The Scranton Lace Company was established in 1890 and was the largest producer of Nottingham lace in the United States from 1916 to 2002. The factory is a sprawling complex of buildings. Even the remnants are notable today. Over time weathering has stripped away the surfaces, highlighting strengths, exposing weaknesses, and creating texture. My interest goes beyond the aged colors and patterns. I’m interested in the stories implicit in the remnants of the buildings. How did the company fit into the community? What is left behind to remind us of those who worked there?
Capturing photos of simplicity, subtlety, and serenity, Vicki McKenna’s work transmits a genuine sense of place. Her curiosity about natural landscapes stems from her background in geology, and her interest in architecture leads to her photographs of the built environment. McKenna loves the challenge of understanding a three-dimensional environment within the confines of a two-dimensional space, and appreciates the emphasis photography uniquely places on details, colors, and shapes distinctive of these places.

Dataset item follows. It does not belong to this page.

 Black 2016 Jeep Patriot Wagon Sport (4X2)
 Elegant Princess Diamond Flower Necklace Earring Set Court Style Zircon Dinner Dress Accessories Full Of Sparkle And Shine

After earning a PhD in Geological Sciences from Brown University and ALB in Natural Sciences from Harvard University, McKenna studied photography at the New England School of Photography and the Photography Atelier at the Griffin Museum. She has taken workshops with Tilman Crane, Alison Shaw, Stephen Johnson and Peter Turnley. McKenna has had juried solo shows at the Firehouse Center for the Arts, Newburyport and the Newton Free Library, and has exhibited throughout New England and along the East Coast. Among those are the Danforth Museum, Framingham, MA, the Cambridge Art Association, Cambridge, MA, PhotoPlace Gallery, Burlington, VT, and the Kiernan Gallery, Lexington, VA. McKenna has taught a freshman seminar focused on photography at M.I.T., where she also photographs for student programs and events.